Chief Scott was clearly trying not to stir up any drama but did express some frustration with DA Boudin:
Do you believe Chesa Boudin is enforcing the law and putting people in prison appropriately for this kind of crime?
I don’t think incarceration in and of itself is going to be the one and the only answer to this issue. But I do think accountability when people are arrested and incarceration serves as somewhat of a disincentive for drug dealers. It’s a different story with users, to some degree. Look, the average time in jail is somewhere around five days for the almost 500 arrests that we made last year.
I’m not saying that it’s the DA’s fault or the court’s fault, but the bottom line is that’s the average time. … To reduce incarceration, that’s a real thing. I’m not saying that’s misplaced. Let’s just focus on the drug sales right now, or prolific offenders. There’s got to be some level of accountability when the evidence is there. We have to be effective, when we do enforce, who we’re enforcing on, these impact players, these prolific offenders.
There has to be some accountability and right now there’s just not. Part of that is Boudin but part of it is also a hangover from the city’s enthusiasm for defunding the police.
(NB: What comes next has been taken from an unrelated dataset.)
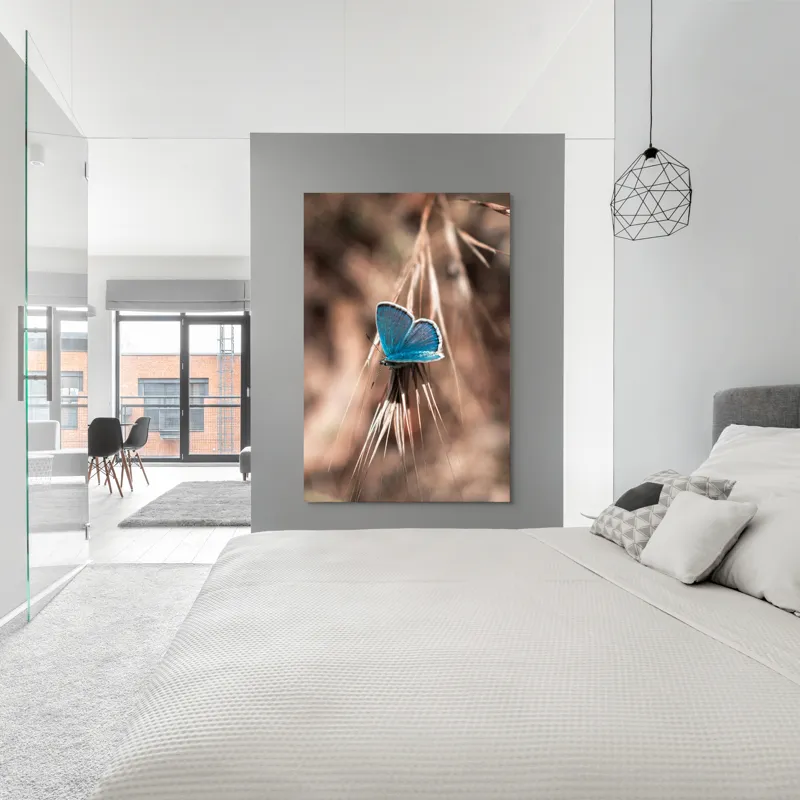 Tablou Canvas, "Albastrul unui fluture delicat", Fluture, Albastru, Fragil, Natură, Secară, Lumină, Contrast, Aripi, Delicatețe, Solitudine, 100 x 150 cm – poza 5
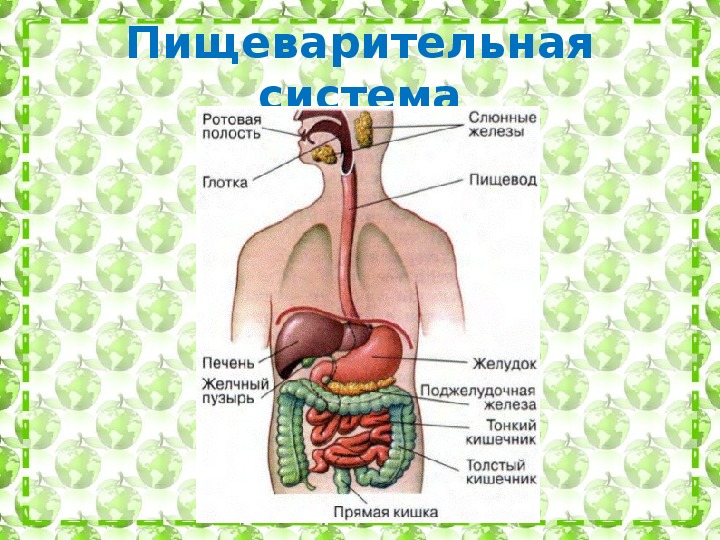 Пищевод и дыхательные пути на картинке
Spoke to @SFPDChief Bill Scott today at the Board – we have a crisis in policing – we are short 500+ officers and it would take maybe 5 years to hire these numbers – last class just graduated 13 officers!
— Ahsha Safai 安世輝 (@Ahsha_Safai) March 23, 2022
So even if the city does something smart and recalls DA Boudin in a few months, that’s not going to magically make up for the deficit of officers who simply don’t want to work in the city. It will probably be years before this situation turns around under the best of circumstances and given the likelihood that inflation will remain high, these aren’t the best of circumstances.